What to produce:
Please copy, exactly as they appear below, the lines from the one containing "Kato 41-101 Unitram" through the one containing "Proiettore ANT DX".

Records to use:
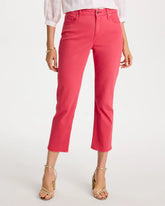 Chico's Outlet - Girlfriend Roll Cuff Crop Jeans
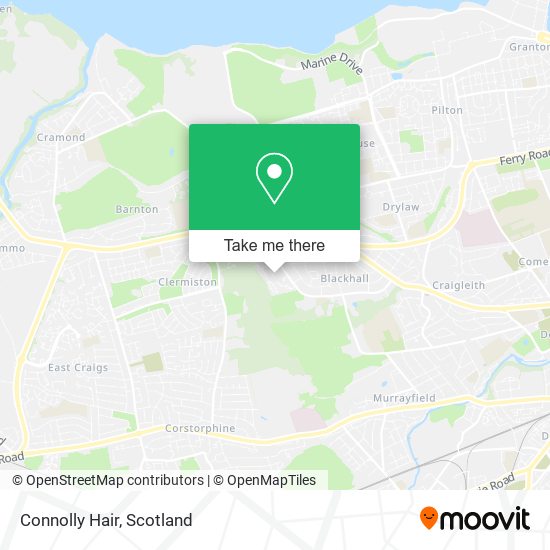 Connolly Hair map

--

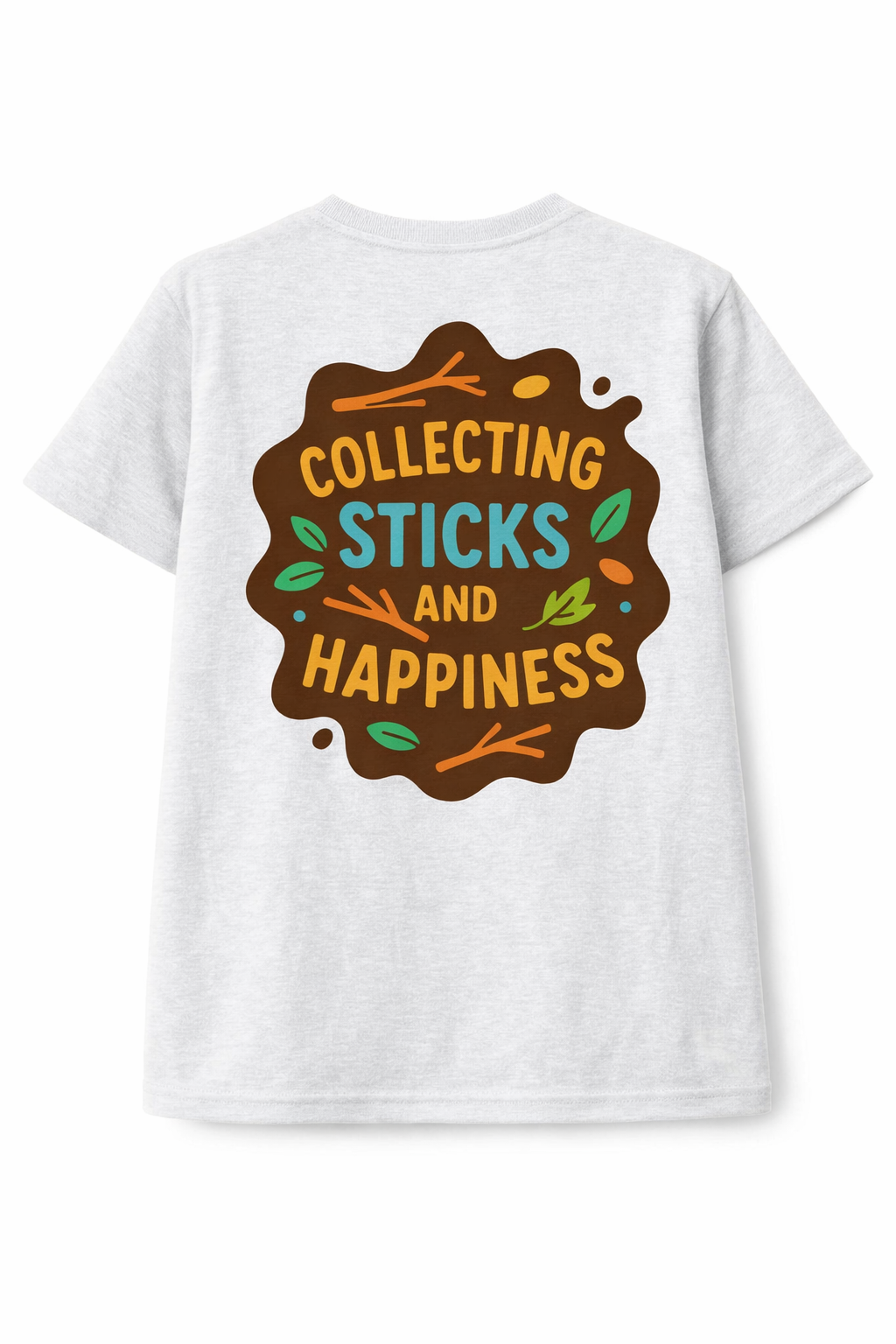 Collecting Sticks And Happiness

...

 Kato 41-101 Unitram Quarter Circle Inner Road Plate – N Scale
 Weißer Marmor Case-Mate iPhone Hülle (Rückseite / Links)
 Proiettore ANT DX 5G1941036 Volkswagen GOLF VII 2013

Solution to this exercise:
 Kato 41-101 Unitram Quarter Circle Inner Road Plate – N Scale
 Weißer Marmor Case-Mate iPhone Hülle (Rückseite / Links)
 Proiettore ANT DX 5G1941036 Volkswagen GOLF VII 2013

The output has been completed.